The problem: Your task is to restate word for word the lines in the material below, from the one with "Venesta Washrooms Toilet" up to and including the one with "2004 FREIGHTLINER FL112 - Image 3". Do not carry over the pictures.

Data to use:

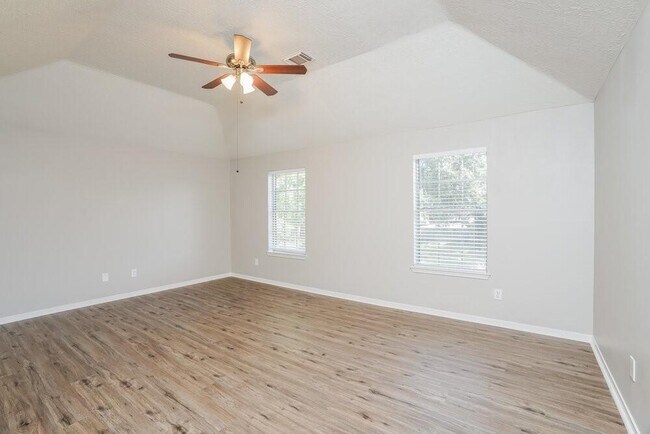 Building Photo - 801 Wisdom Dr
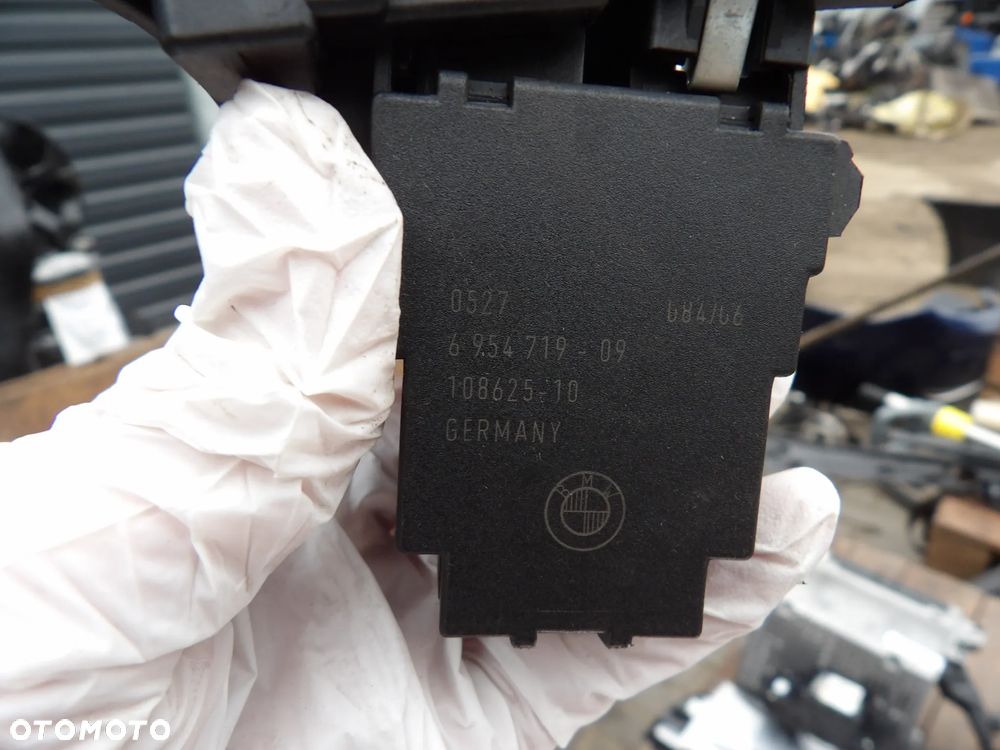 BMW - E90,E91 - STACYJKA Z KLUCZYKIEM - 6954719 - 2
==
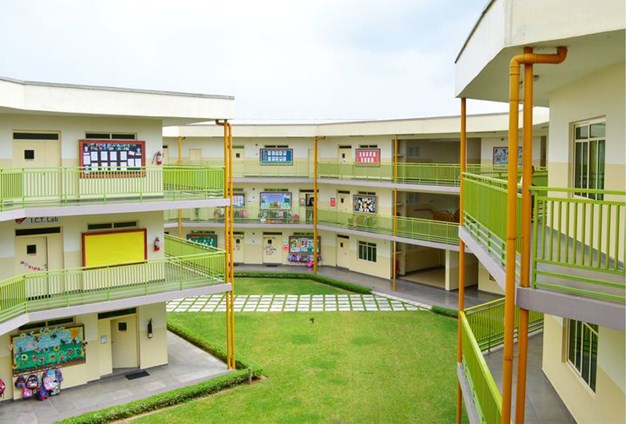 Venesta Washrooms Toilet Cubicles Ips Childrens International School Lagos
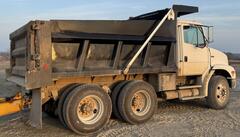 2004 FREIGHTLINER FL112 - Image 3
--
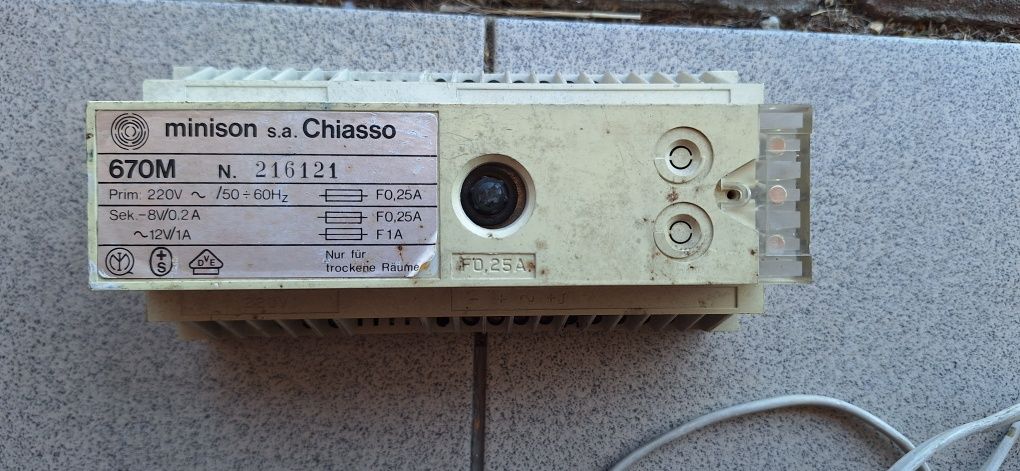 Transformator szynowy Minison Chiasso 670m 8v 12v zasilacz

Exercise result:
 Venesta Washrooms Toilet Cubicles Ips Childrens International School Lagos
 2004 FREIGHTLINER FL112 - Image 3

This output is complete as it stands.